By    |   Wednesday, 31 Aug 2016 06:20 AM

A worldwide coffee shortage is looming — not in a far-off, dystopian future, but now. Scientists are producing alarming findings that climate change is affecting both the quantity and quality of coffee beans.

Research published by The Climate Institute in Sydney, Australia, has reported on climate change’s devastating effects on coffee crops and a projected shortage in the commodity’s future.

According to the report, climate change is contributing to a worldwide coffee shortage in three ways.

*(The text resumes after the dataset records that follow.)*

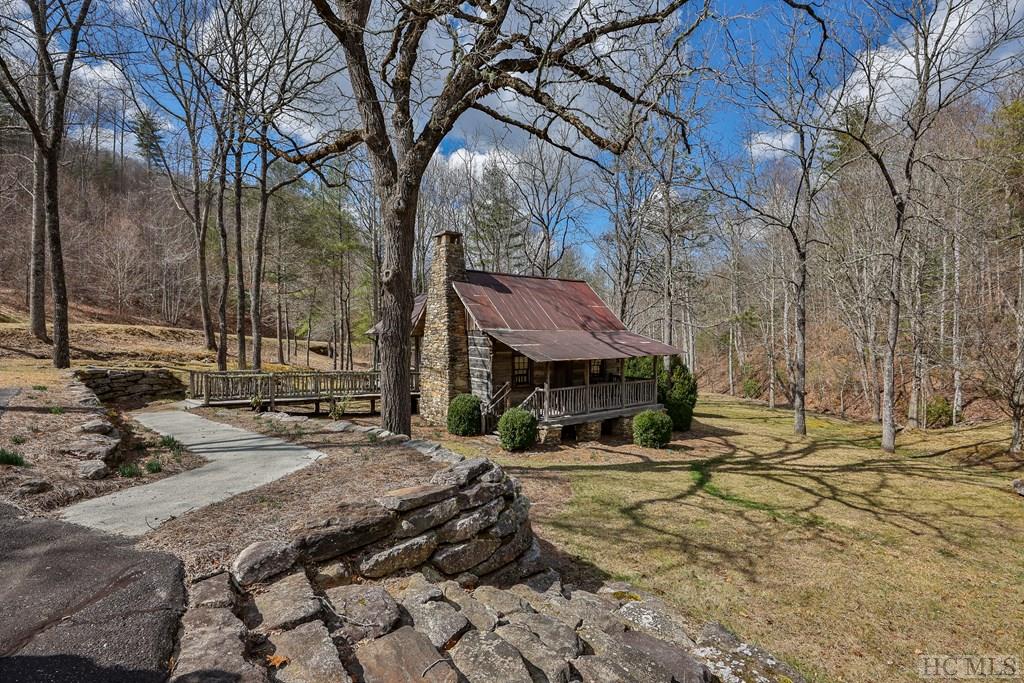 Lot 67 Pilot Knob Road Tuckasegee, NC 28783 - Photo 25 of 32 Gallery Image 25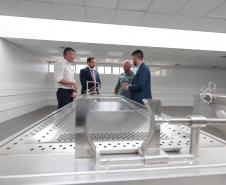 Nova unidade da Polícia Científica em Ponta Grossa fortalece perícias nos Campos Gerais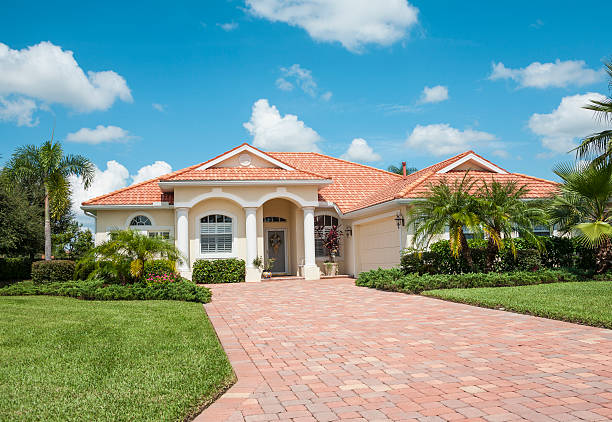Best Concrete Paver Driveway  in Middlesex, NJ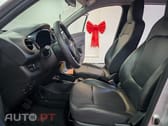 Dacia Spring Electric 45 Expression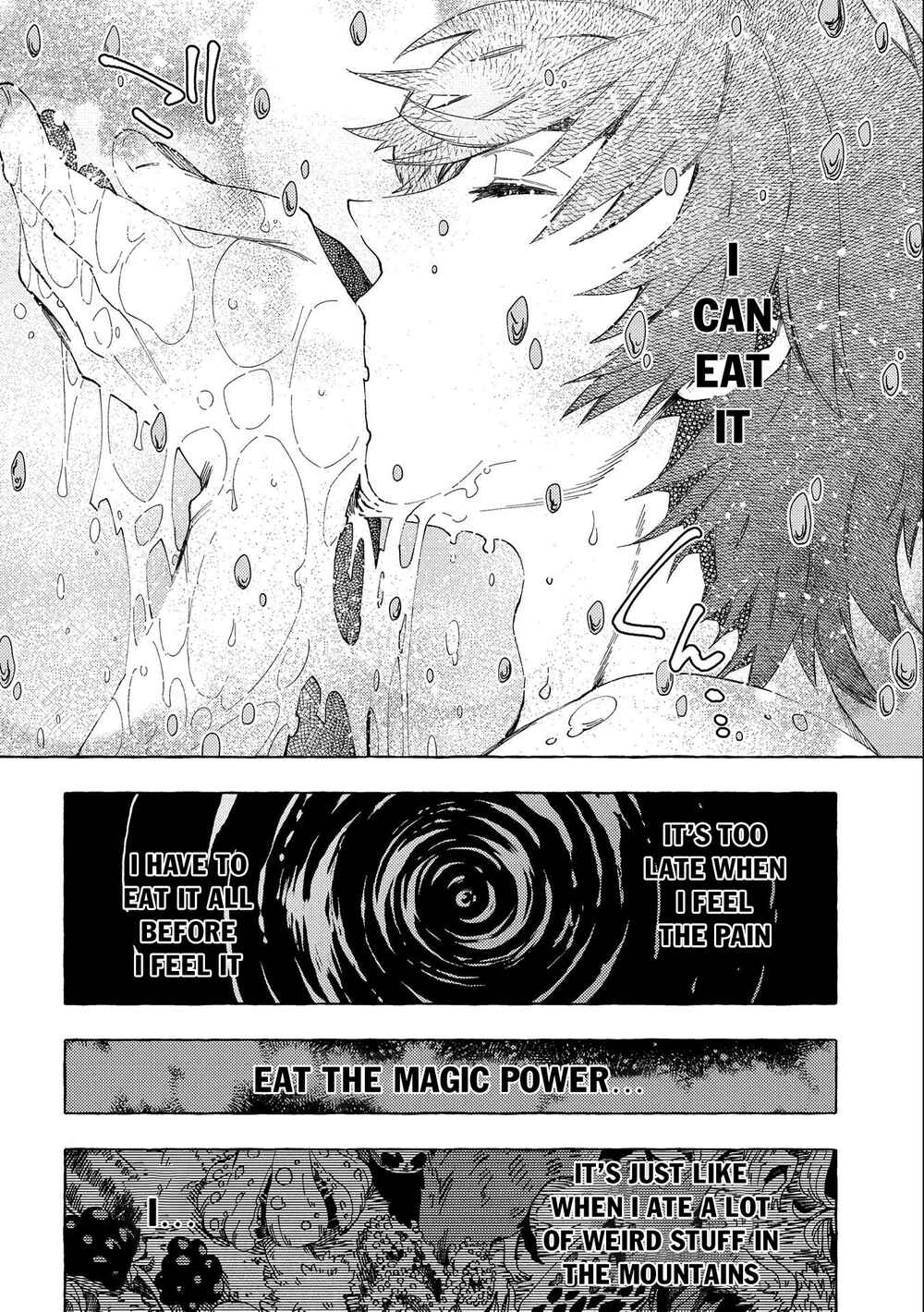 Page 14 Chapter 28.2 Sono Mono. Nochi ni... ~Kigatsuitara S-kyuu Saikyou!? Yuusha Wazu no Daibouken~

“Around the Bean Belt, rising minimum growing temperatures, changes in rainfall patterns, and rising pest and disease incidence, are already making life harder for coffee farmers,” said the report’s author, Corey Watts, a former policy and science projects manager at The Climate Institute.

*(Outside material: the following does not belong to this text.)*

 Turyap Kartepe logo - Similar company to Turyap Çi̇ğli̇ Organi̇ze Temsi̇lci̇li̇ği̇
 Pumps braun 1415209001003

The most popular varietal of coffee bean is grown in tropical highlands, where ideal temperatures are between 64 degrees and 70 degrees Fahrenheit.

If consistent temperatures were to rise above 73 degrees, bean quality and crop health would suffer significantly.

The rising temperatures have led to another extreme and erratic climate change in coffee-growing regions: droughts and downpours.

Drought was responsible for destroying a third of Brazil’s coffee crop in 2014.

Heavy rains and warmer temperatures have led to rise in crop disease and pest population.

Coffee leaf rust is a fungus that has wreaked havoc on Central American and South American coffee yields as it has flourished in a warmer, wetter region. In 2012, the plant disease reportedly decimated as much as 85 percent of Guatemala’s coffee crop.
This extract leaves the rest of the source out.